Source material »

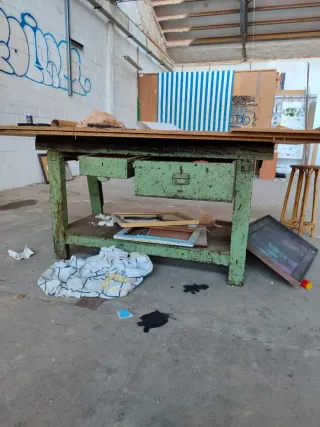 Mesa de trabajo industrial verde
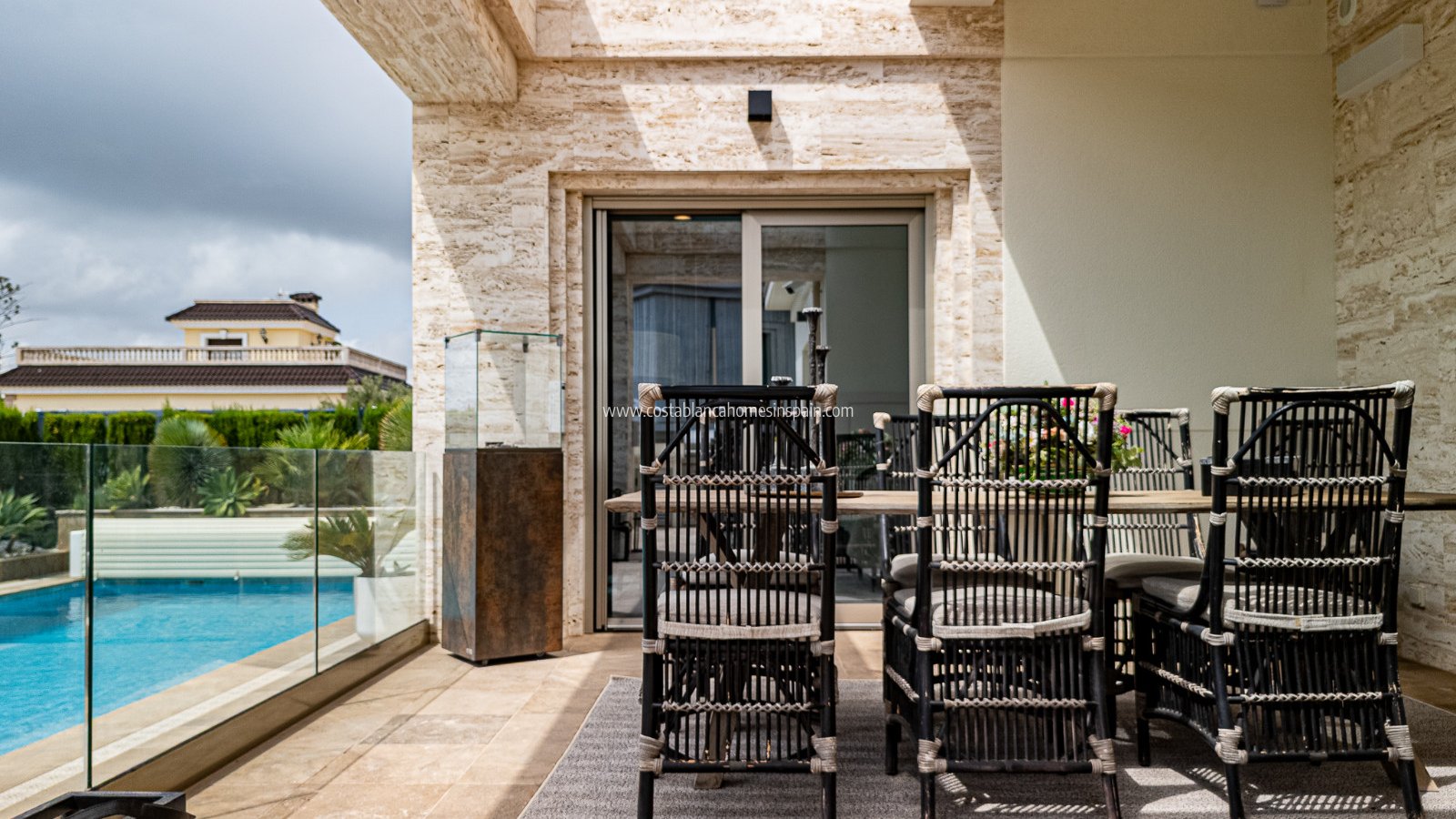 Re-salg - Detached Villa - La Zenia - Beachside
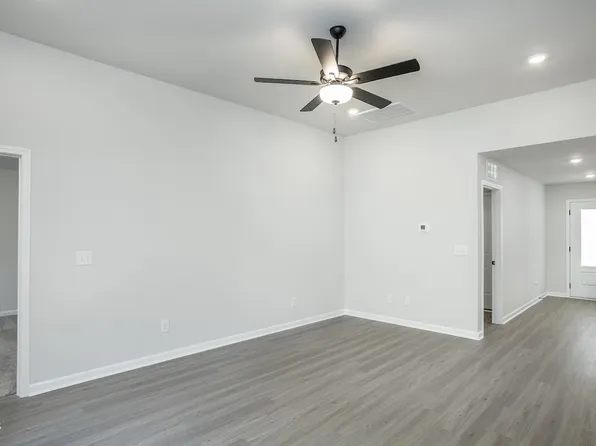 357 Cascade Knoll Dr, Clayton, NC 27527
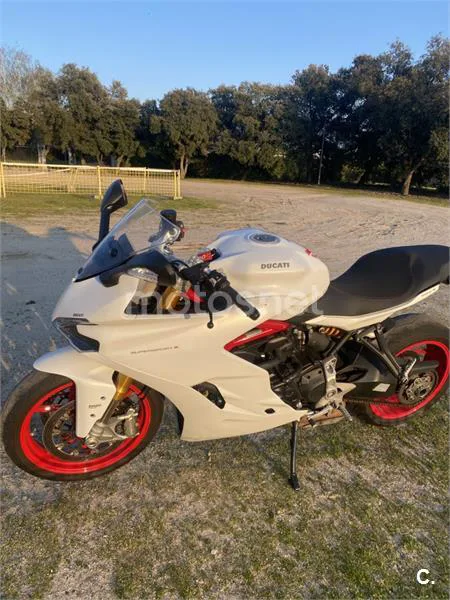 Ducati SuperSport – Vista 7
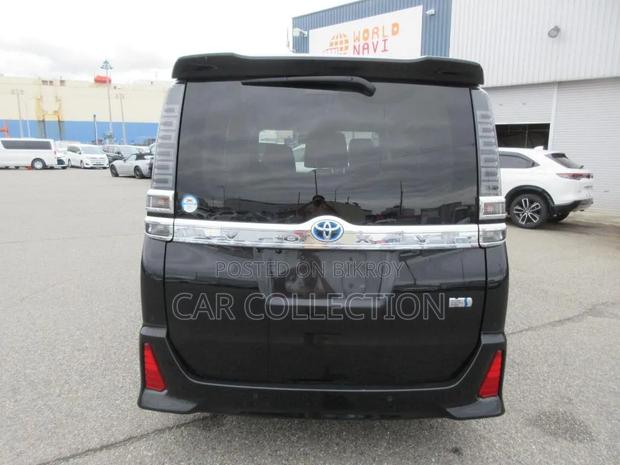 Toyota Voxy 2021 Black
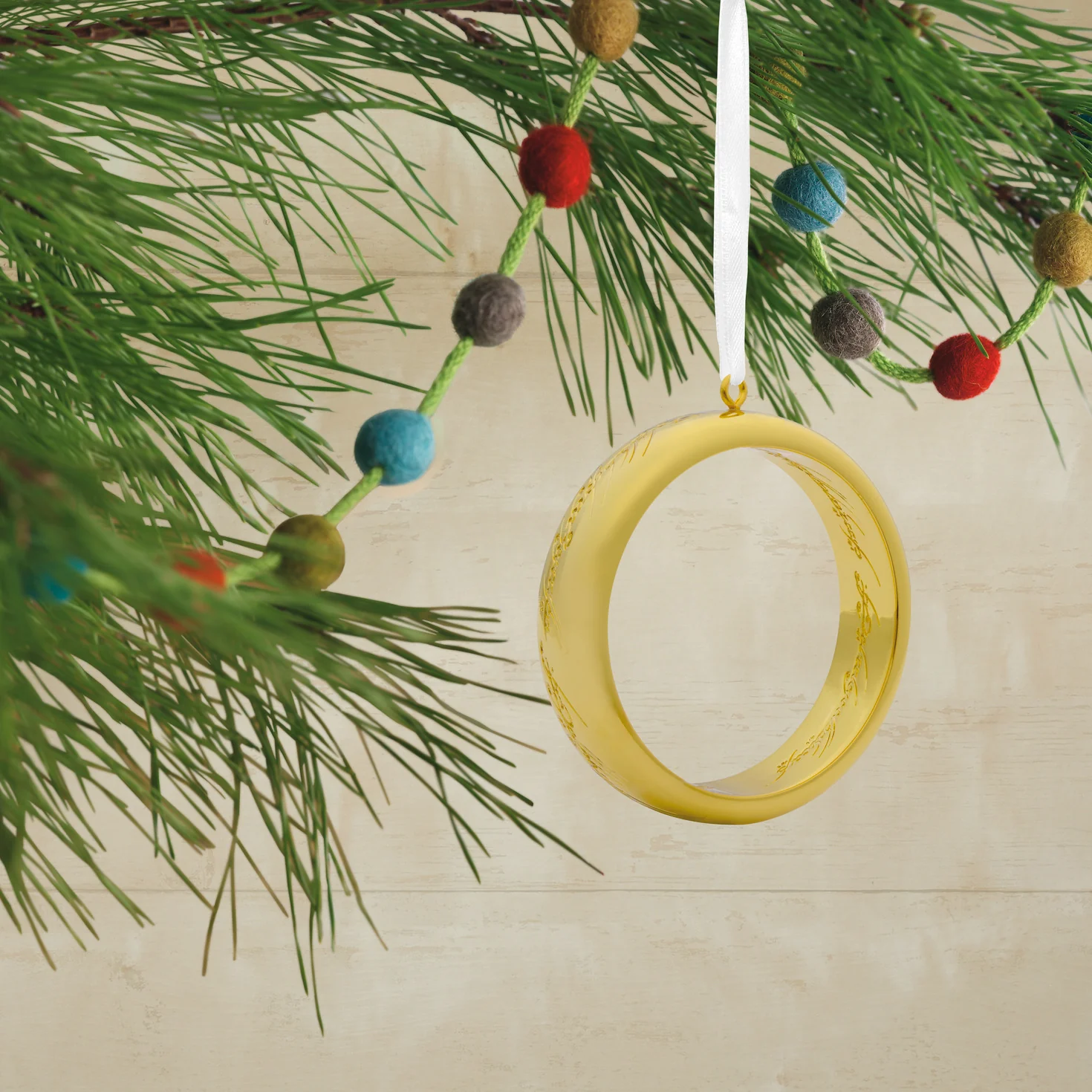 Hallmark Christmas Ornament - The Lord of the Rings One Ring Metal - Image 2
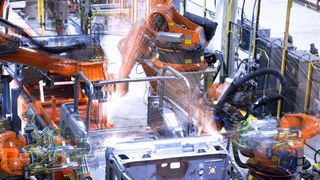 Kuka-Roboter sind vor allem aus der Automobilindustrie bekannt. (Bild: Kuka)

What is expected » Write the data above out again exactly, every line of it, and exclude the pictures.

Response area »
 Mesa de trabajo industrial verde
 Re-salg - Detached Villa - La Zenia - Beachside
 357 Cascade Knoll Dr, Clayton, NC 27527
 Ducati SuperSport – Vista 7
 Toyota Voxy 2021 Black
 Hallmark Christmas Ornament - The Lord of the Rings One Ring Metal - Image 2
 Kuka-Roboter sind vor allem aus der Automobilindustrie bekannt. (Bild: Kuka)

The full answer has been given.